Blockchain to transform marine logistics
29 May 2017
Blockchain technology could save the marine industry trillions of dollars in processing fees and provide new trust in logistics, according to a report from Marsh.
It estimates the software platform for digital assets could save $US300 ($399.24) per container in labour and processing. For a ship carrying 18,000 containers, this translates to a saving of about $US5.4 million ($7.18 million).
A study by Danish transport and logistics company Maersk showed that on average about 30 people “touched” a product shipped by container, resulting in more than 200 separate transactions, each requiring a different set of documents.
Each human interaction via outdated computer systems, email, phone calls or faxes represents “a potential point of failure, vulnerable to illicit manipulation or simply human error”.
Blockchain would eliminate many of these logistics problems.
Each blockchain consists of records, or “blocks”, which reference and identify the previous block using a cryptographic function.
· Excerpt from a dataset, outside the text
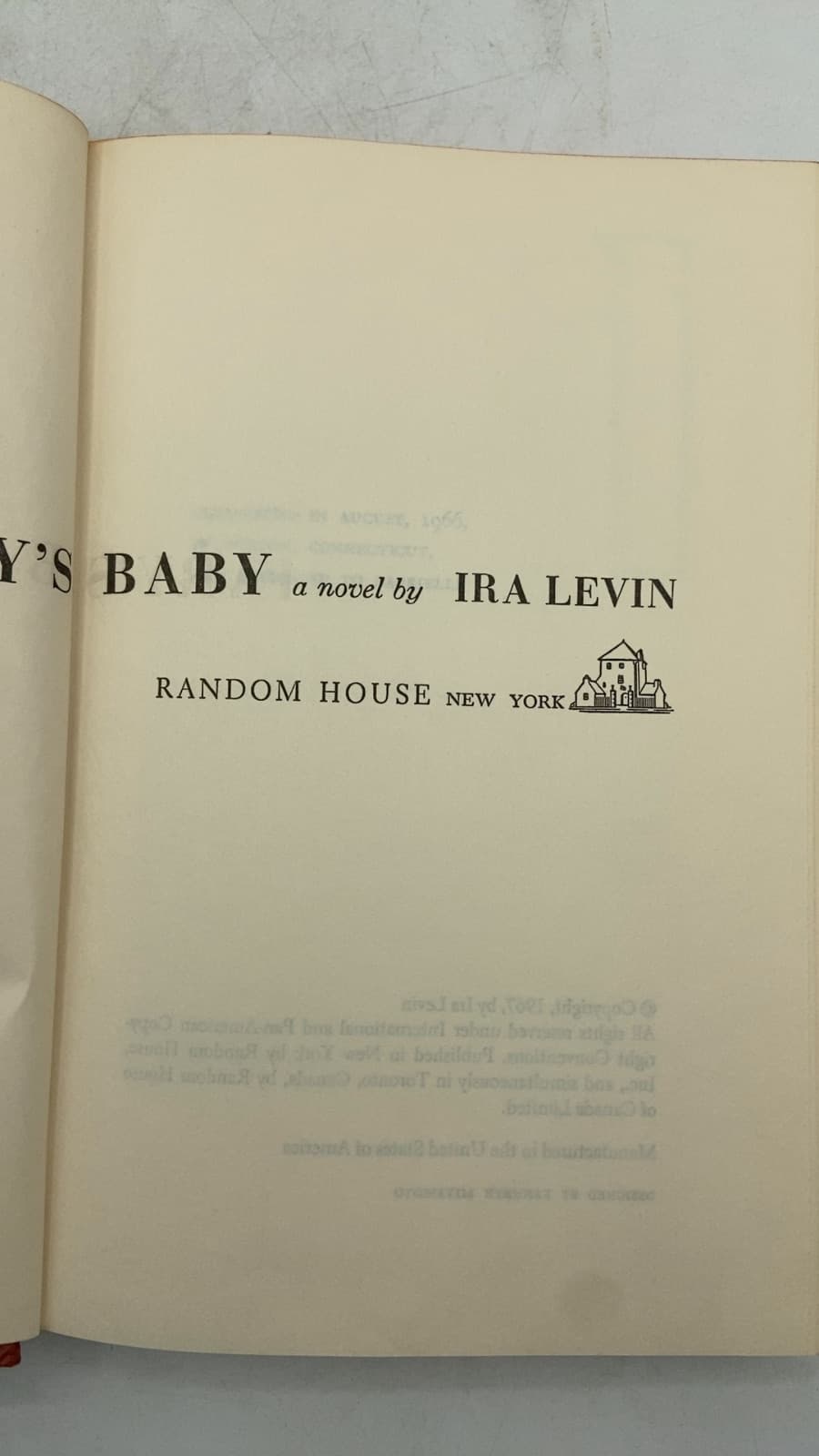 Rosemary's Baby by Ira Levin - title page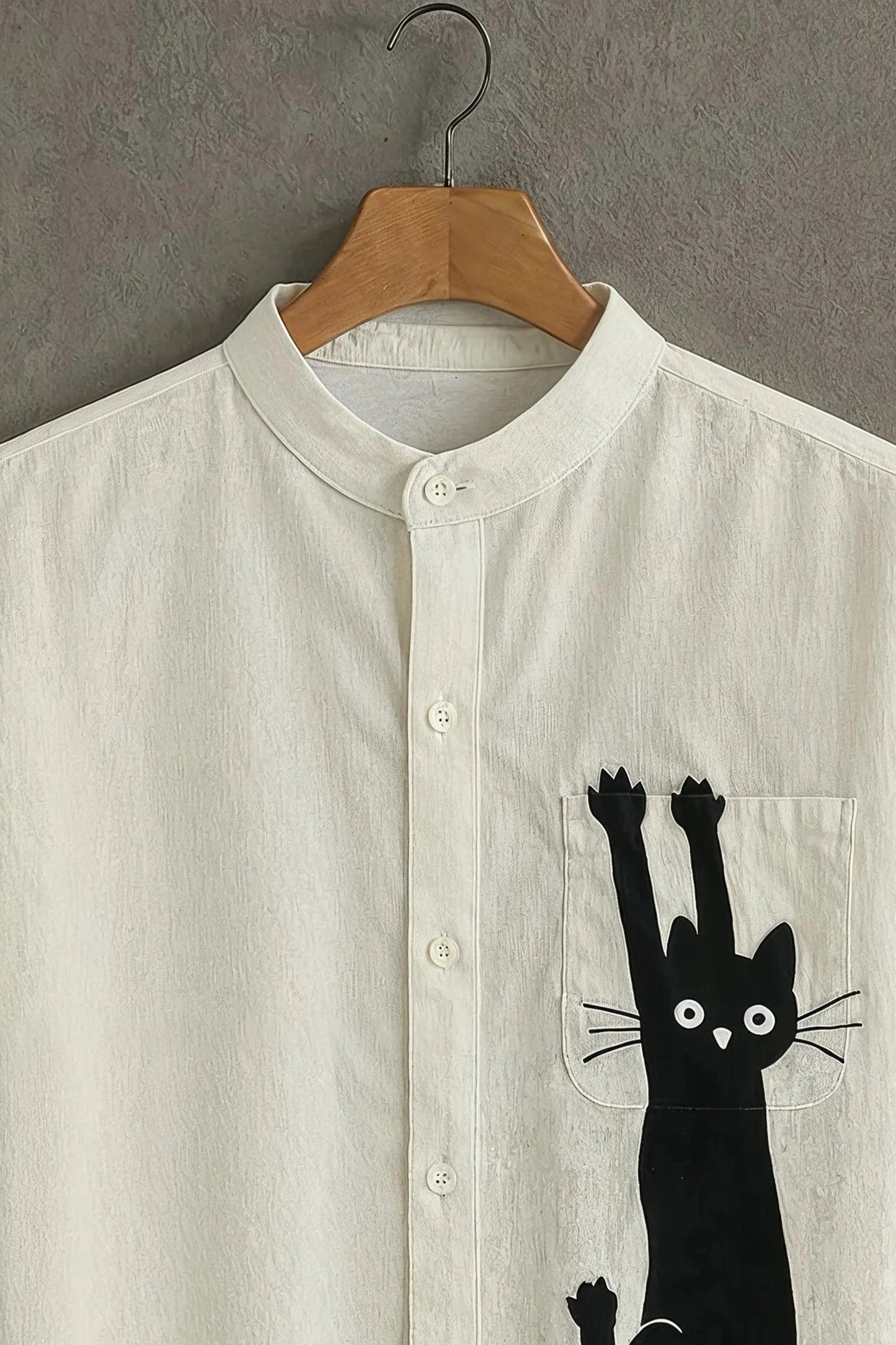 White Cat Print Mandarin Collar Shirt for Men | Minimal Graphic Half Sleeve Casual Shirt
This forms an unbroken, verifiable chain of custody, preserving old transactions forever and permanently adding new transactions to the ledger.
“The beauty of this process is it’s distributed, meaning it can live on multiple computers at the same time, accessible to anyone with an interest in that particular transaction,” Marsh says.
As well as eliminating costly processes, it will also create trust and partnership by providing a “single version of the truth” to all parties.
However, blockchain needs a system of governance, and consideration of its implications in very poor countries where automation would replace jobs, Marsh says.
The report also examines the risk of operating autonomous ships and the implications of cyber piracy, and reducing emissions and building “greener” fleets.